Le 10 octobre dernier, le Dr Sein Win, Premier Ministre du gouvernement en exile, avait adressé une lettre à Nicolas Sarkozy et Bernard Kouchner dans laquelle il remerciait le président français de l’avoir reçu à l’Elysée, mais précisait qu’il n’avait « malheureusement » alors « pas eu le temps de soulever la question de Total Fina Elf ». Il tenait donc, avant la réunion du conseil des ministres des Affaires étrangères de l’Union européenne, à présenter cinq recommandations dont le « gel ou l’abandon de toutes les activités liées au gaz, pétrole et autres ressources énergétiques ». Il n’a, bien entendu, pas été écouté sur ce point qui touche à des intérêts impérialistes très sensibles.
Certains, dans le mouvement de solidarité international, hésitent à s’engager à fond dans le soutien au mouvement démocratique et populaire birmans, de peur de « faire le jeu » des Etats-Unis ou de l’Union européenne. A un moment aussi décisif pour l’avenir des luttes en Birmanie et alors que la répression frappe très brutalement, on ne peut pourtant pas suspendre un combat contre la junte engagé depuis plusieurs décennies sous prétexte que Washington, Paris et Londres manœuvrent !
La population birmane, ainsi que les minorités qui luttent pour leurs droits à l’autodétermination (et qu’il ne faut pas oublier aujourd’hui) sont victimes de l’une des pires dictatures qui soient. Elles ont besoin de notre solidarité, maintenant. Le problème n’est pas que nous nous engagions trop à leurs côtés, mais que nous ne soyons pas capable de mobiliser plus et plus efficacement. Notre action n’est malheureusement pas à la mesure de la situation, loin s’en faut.

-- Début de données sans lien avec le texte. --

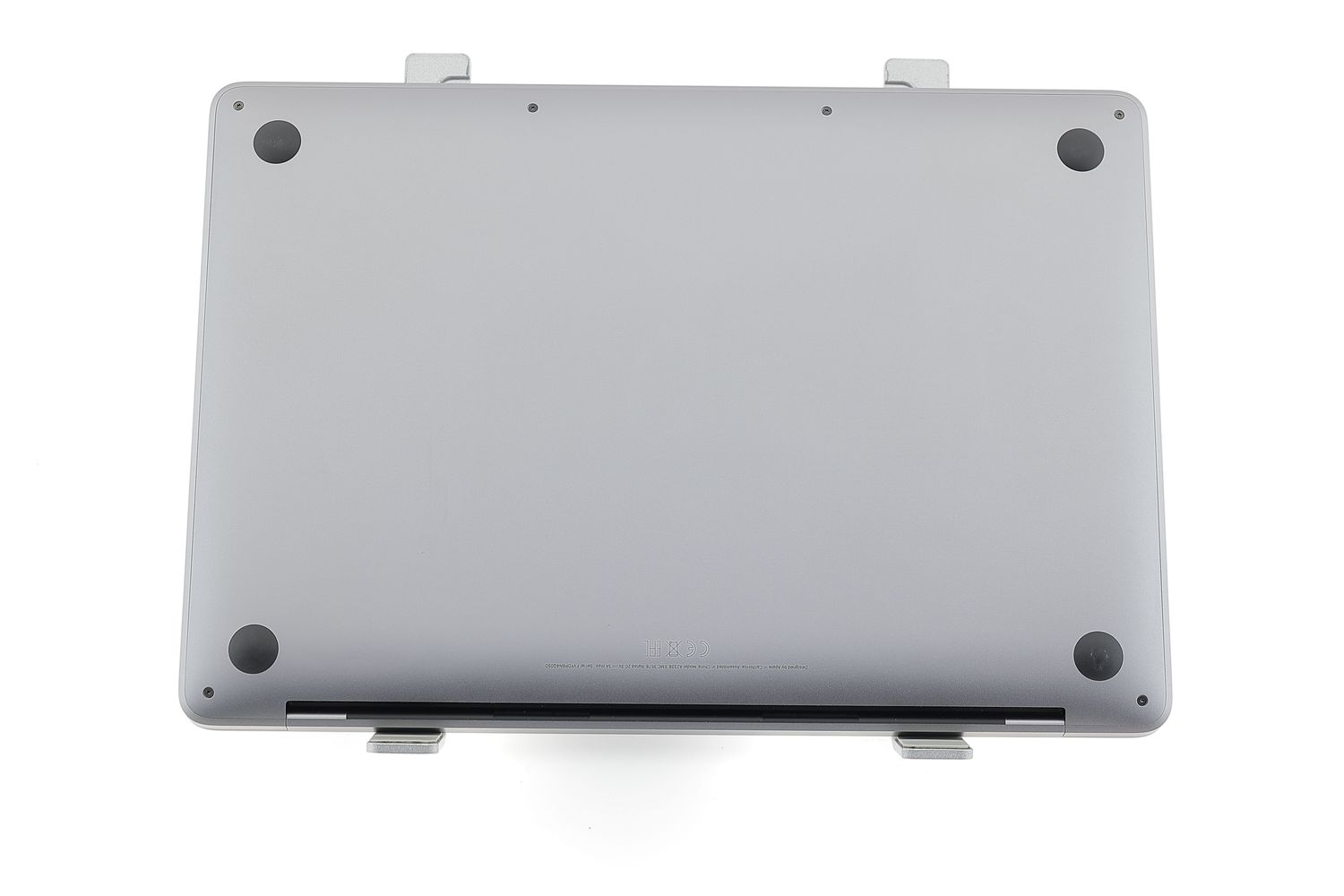 Apple MacBook Pro 13″ 2020, M1 8 Cores, 8 GB, 8 core GPU 256 GB Space Gray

S’engager sans réticence dans le soutien, c’est aussi s’attaquer sans ambiguïté aux complicités occidentales en Birmanie et, en particulier, aux multinationales pétrolières (Total , Chevron…). Elles sont coupables de mille collusions avec la junte, l’armée et ses exactions (dont le travail forcé). Elles constituent des pouvoirs occultent qui échappent à tout contrôle démocratique. Elles utilisent leur puissance pour menacer, corrompre et faire taire les oppositions. Elles ne peuvent en rien prétendre avoir les mains propres quand elles font leurs affaires avec de telles dictatures.
En France notamment, il n’est pas admissible de dénoncer le soutien que Pékin accorde à Rangoun sans aussi s’attaquer de front à Total et à l’hypocrisie de la diplomatie élyséenne. Cependant, force est de noter que les actions engagées contre le pétrolier tricolore sont plus importantes aux Pays-Bas ou en Belgique que dans l’Hexagone.
Vu la place qu’occupe en Birmanie et en France cette multinationale pétrolière, la question de Total n’est pas un détail. Elle représente un double test pour le mouvement de solidarité. Un test d’efficacité. Un test politique sur lequel se juge sa capacité à agir en toute indépendance vis-à-vis des pouvoirs établis. Une question donc importante dans le présent ; mais aussi pour l’avenir, à l’heure où les puissances asiatiques et occidentales vont tenter d’utiliser à leurs propres fins la crise birmane.